Friday, March 18, 2011

Not Your Usual Soggy Plate

Corned beef for St. Pat's Day, of course. Extra special because we corned a local grass-fed brisket ourselves; five days in the brine and — perfection.
The traditional meal usually entails soggy cabbage and soggy potatoes, cooked in the meat-simmering water (where they pick up lots of salt). I have always dutifully re-created this uninspired meal, because... traditional.
But I recently had a dish of cream-braised cabbage that blew me away. So I decided that would be what we'd eat.
And the gates of freedom were thus breached. I could do the potatoes in some different way, too! Mashed, because leftover mashed potatoes make really good hash. (And because sad, boiled potato halves turn cold and sticky and gray on the plate so quickly.)
Cranky weighed in here with a great idea. We would make scalliony colcannon I mean champ from the mashed potatoes. How can ya get more Irish than that? (And it would be hella good in the hash.)
All resulting in this simple, pretty repast of food you actually wanted to eat.
A little buttery, I'll grant you. But the meat was very lean.

12 comments:

Zoomie said...

I was just reading about corning one's own beef - and here you've gone and done it! Huzzah!

cookiecrumb said...

Zooms: Yes, I think this is the third time we've done it, and it always works. Very satisfying. (My mom corned beef in the 60s -- once, I think -- without using pink salt. The meat comes out brown, not neon, but tastes just as good.)
May I add my vote to Chilebrown's? You can still pick up a corned beef in the market. Cranky and I were "denied" our usual Thanksgiving one year, visiting my parents. As soon as we arrived back in Mill Valley, before we even went home, we bought a still-fresh turkey and WHALED on that thing.

namastenancy said...

WOW! That corned beef looks awesome. I got some generic store bought stuff which was OK but not great enough to write about. I wonder if it's worth it to corn beef for only one? But I guess I can always give the extra away. I have a couple of friends who like the cooking at Chez Namaste Nancy.

Ms Brown Mouse said...

I think what you call hash is what we call bubble & squeak!
That corned dog, what a beautiful colour!

cookiecrumb said...

Nancy: I've bought the generic stuff; tastes good, but sometimes the texture is too flabby, streaked with fat. This one was so precious, have to say.
So can you corn beef for one? I'm thinking your butcher might not want to cut a brisket in half (but you could ask). I'd cut it in half at home and freeze one. It's brisket! You can do a million things with it.
Don't forget the great leftovers, too: sandwiches, hash.
(Of course your friends want to eat chez you!)

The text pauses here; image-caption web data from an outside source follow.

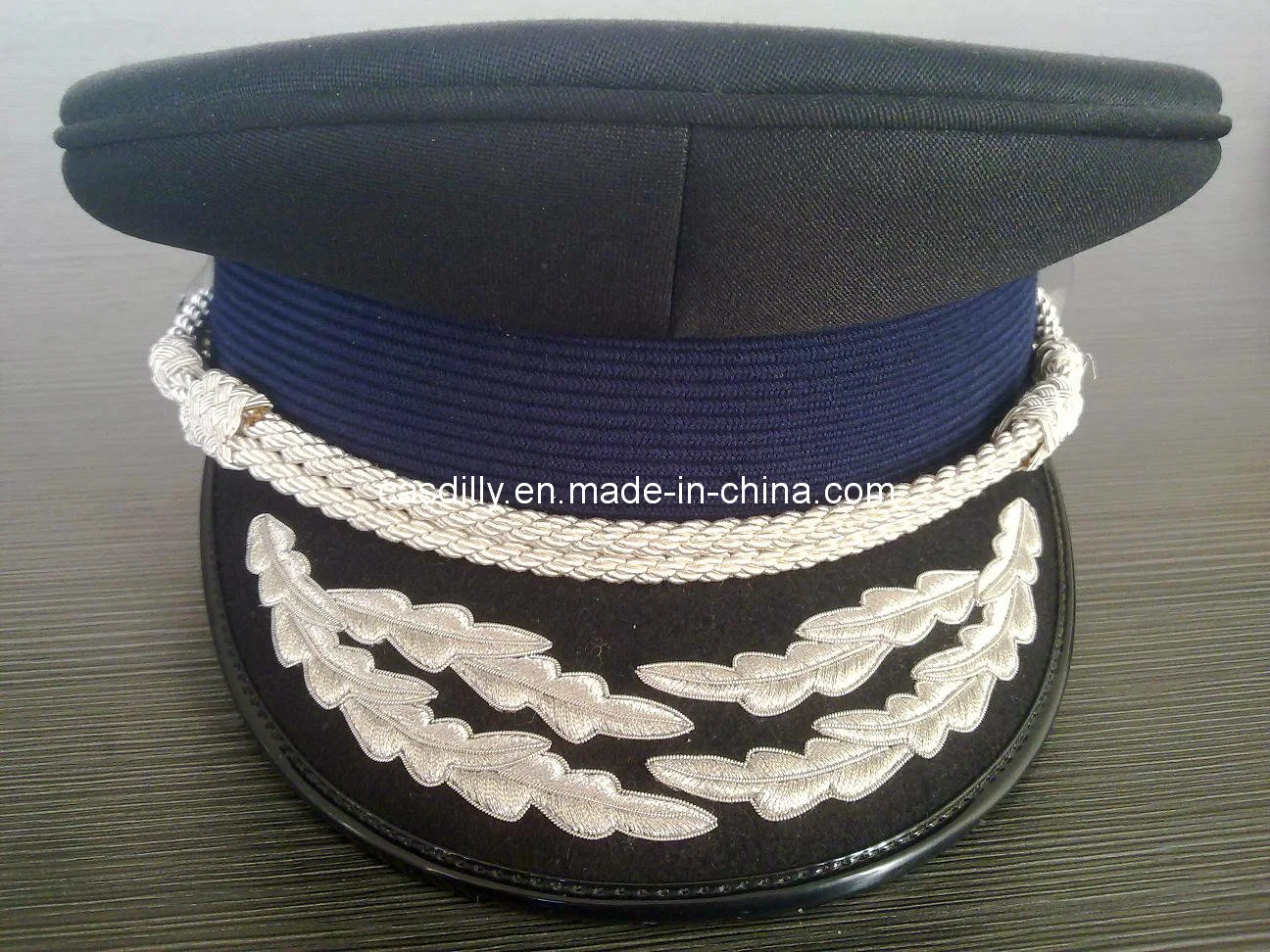 Good Quality Handwork Army Military Police Peak Cap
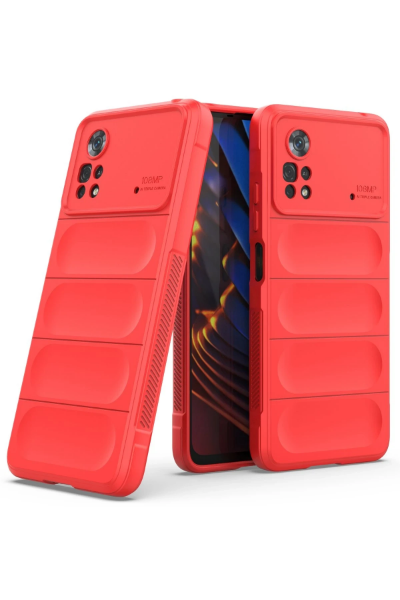 Newface Xiaomi Poco X4 Pro 5G Kılıf Optimum Silikon - Kırmızı resmi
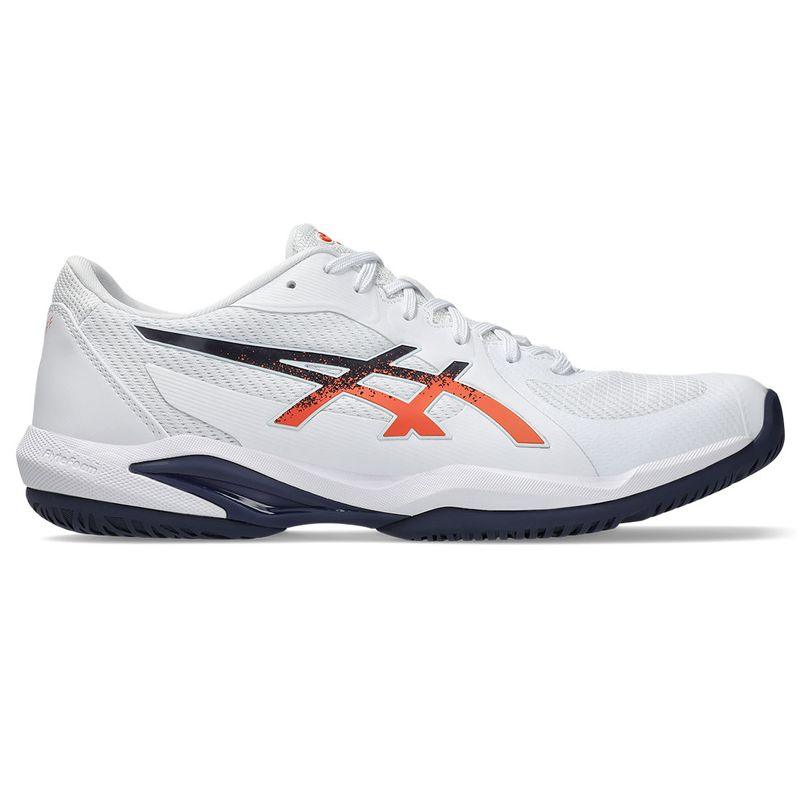 Men`s Solution Swift FF 2 Tennis Shoes White and Nova Orange Footwear Asics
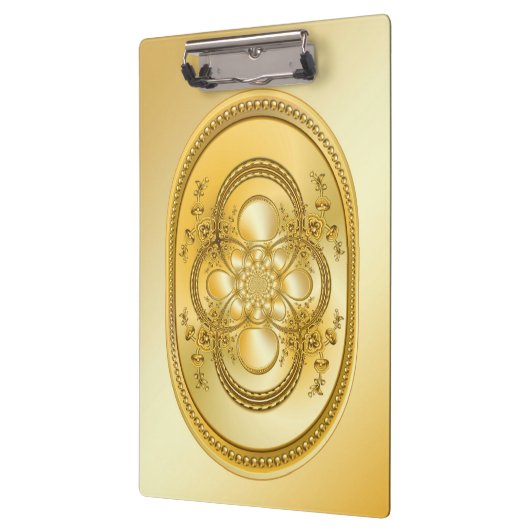 Goldplatte Klemmbrett (Links)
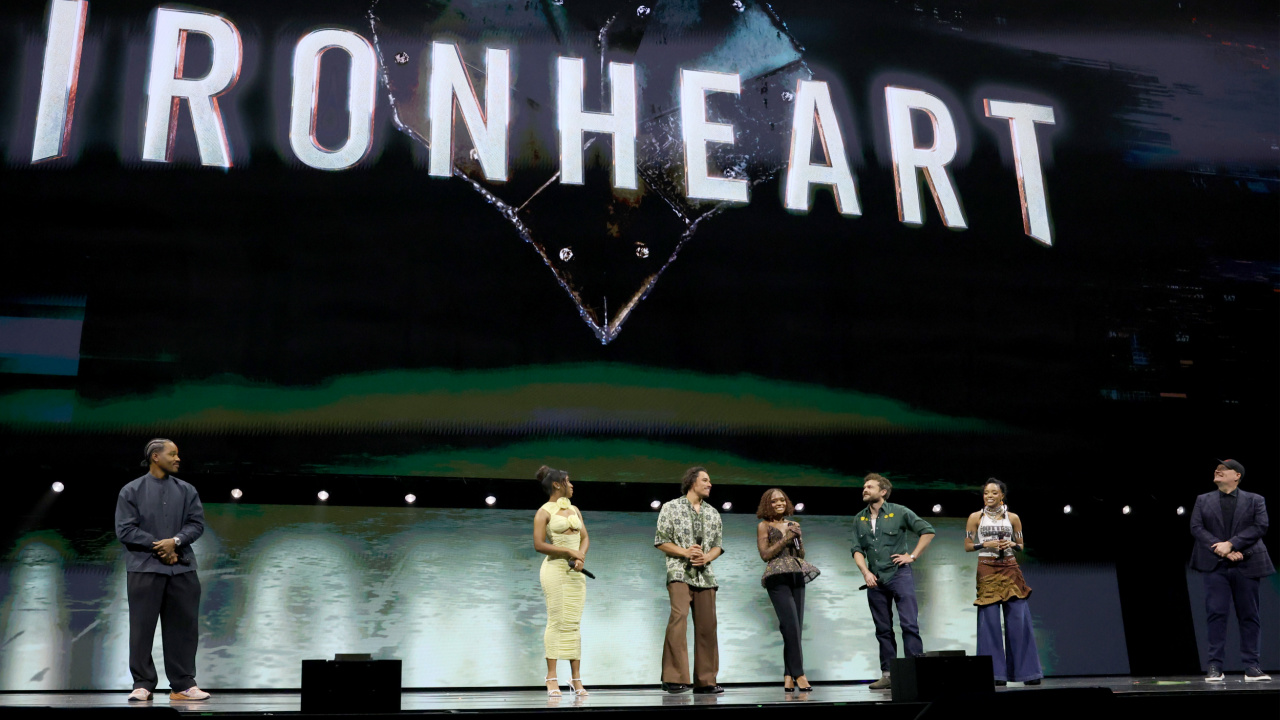 The cast of 'Ironheart' at D23 2024. Photo: Disney.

Mouse: OMG, just Wiki'd it. It IS! I'd always wondered. (Got stuck on spotted dick.) I like the name bub and squee much better than hash.

Denise | Chez Danisse said...

It all looks mmm mmm good.

cookiecrumb said...

Denise: Thanks! And to think, some years I don't bother with holiday feasts. So glad we did this time.

Ms Brown Mouse said...

Bubble & Squeak is a wonderful name, no?

cookiecrumb said...

Mouse: Yes. Officially, it is now B&S at our house from now on. I'm so... Britty!
(Do you remember the time I accidentally invented Toad in the Hole? Ha.)

Greg said...

I just can't help but smile back at the happy face of Irish Food. Mashers! Good on ya.

Greg said...

I just can't help but smile back at the happy face of Irish Food. Mashers! Good on ya.

cookiecrumb said...

Greg: It is happy!. Guess what; I figured out why I like corned beef. It's almost pork!